1. Cluster **X** vs **all other** clusters, **all** cells
2. Cluster **X** vs **PG** clusters, **all** cells
3. Cluster **X** vs **all other** clusters, **control** cells
4. Cluster **X** vs **PG** clusters, **control** cells

Results:

* *avg_logFC* : log fold-change of the average expression between the two groups.
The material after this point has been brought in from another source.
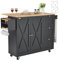 VEVOR Kitchen island trolley, 1150mm wooden top mobile kitchen trolley with storage cabinet, flap, spice rack, towel bar, adjustable shelf, drawer, hook, black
Positive values indicate that the gene is more highly expressed in the first group

* *pct.1* : the percentage of cells where the gene is detected in the first group (ie MKs)

* *pct.2* : the percentage of cells where the gene is detected in the second group (all other clusters)

* *p_val_adj* : adjusted p-value, based on bonferroni correctioni using all genes in the dataset

# MK cells

```{r MK vs all}

m <- FindMarkers(wbm, ident.1 = 'MK', min.pct = 0.5, logfc.threshold = log(2))

m <- m[m$p_val_adj < 0.05,]

m <- m[order(m$avg_logFC, decreasing = T),]

cntrl_cells <- rownames(wbm@meta.data[wbm@meta.data$condition == 'control',])
mut_cells <- rownames(wbm@meta.data[wbm@meta.data$condition == 'mut',])

cwbm <- subset(wbm, cells = cntrl_cells)
mwbm <- subset(wbm, cells = mut_cells)

cM <- FindMarkers(cwbm, ident.1 = 'MK', min.pct = 0.5, logfc.threshold = log(2))
cM <- cM[cM$p_val_adj < 0.05,]
cM <- cM[order(cM$avg_logFC, decreasing = T),]

mM <- FindMarkers(mwbm, ident.1 = 'MK', min.pct = 0.5, logfc.threshold = log(2))
mM <- mM[mM$p_val_adj < 0.05,]
mM <- mM[order(mM$avg_logFC, decreasing = T),]

# write.csv(m,'./data/MK_DEG_all.csv', quote = F)
# write.csv(cM, './data/MK_DEG_controlcells.csv', quote = F)
# write.csv(mM, './data/MK_DEG_mutantcells.csv', quote = F)

```

DE genes for MK vs all: 145 control cells only, 416 mutant cells only, 319 all cells.

# MEP

```{r MEP markers}
m <- FindMarkers(wbm, ident.1 = 'MEP', min.pct = 0.5, logfc.threshold = log(2))
m <- m[m$p_val_adj < 0.05,]
m <- m[order(m$avg_logFC, decreasing = T),]

cM <- FindMarkers(cwbm, ident.1 = 'MEP', min.pct = 0.5, logfc.threshold = log(2))
cM <- cM[cM$p_val_adj < 0.05,]
cM <- cM[order(cM$avg_logFC, decreasing = T),]

mM <- FindMarkers(mwbm, ident.1 = 'MEP', min.pct = 0.5, logfc.threshold = log(2))
mM <- mM[mM$p_val_adj < 0.05,]
mM <- mM[order(mM$avg_logFC, decreasing = T),]

# write.csv(m,'./data/MEP_DEG_all.csv', quote = F)
# write.csv(cM, './data/MEP_DEG_controlcells.csv', quote = F)
# write.csv(mM, './data/MEP_DEG_mutantcells.csv', quote = F)
```

DE genes for MEP vs all: 35 control cells only, 88 mutant cells only, 81 all cells.

# Erythrocytes

```{r ery markers}
m <- FindMarkers(wbm, ident.1 = 'Erythroid', min.pct = 0.5, logfc.threshold = log(2))
m <- m[m$p_val_adj < 0.05,]
m <- m[order(m$avg_logFC, decreasing = T),]

cM <- FindMarkers(cwbm, ident.1 = 'Erythroid', min.pct = 0.5, logfc.threshold = log(2))
cM <- cM[cM$p_val_adj < 0.05,]
cM <- cM[order(cM$avg_logFC, decreasing = T),]

mM <- FindMarkers(mwbm, ident.1 = 'Erythroid', min.pct = 0.5, logfc.threshold = log(2))
mM <- mM[mM$p_val_adj < 0.05,]
mM <- mM[order(mM$avg_logFC, decreasing = T),]

# write.csv(m,'./data/Ery_DEG_all.csv', quote = F)
# write.csv(cM, './data/Ery_DEG_controlcells.csv', quote = F)
# write.csv(mM, './data/Ery_DEG_mutantcells.csv', quote = F)
```

DE genes for Ery vs all: 186 control cells only, 96 mutant cells only, 147 all cells.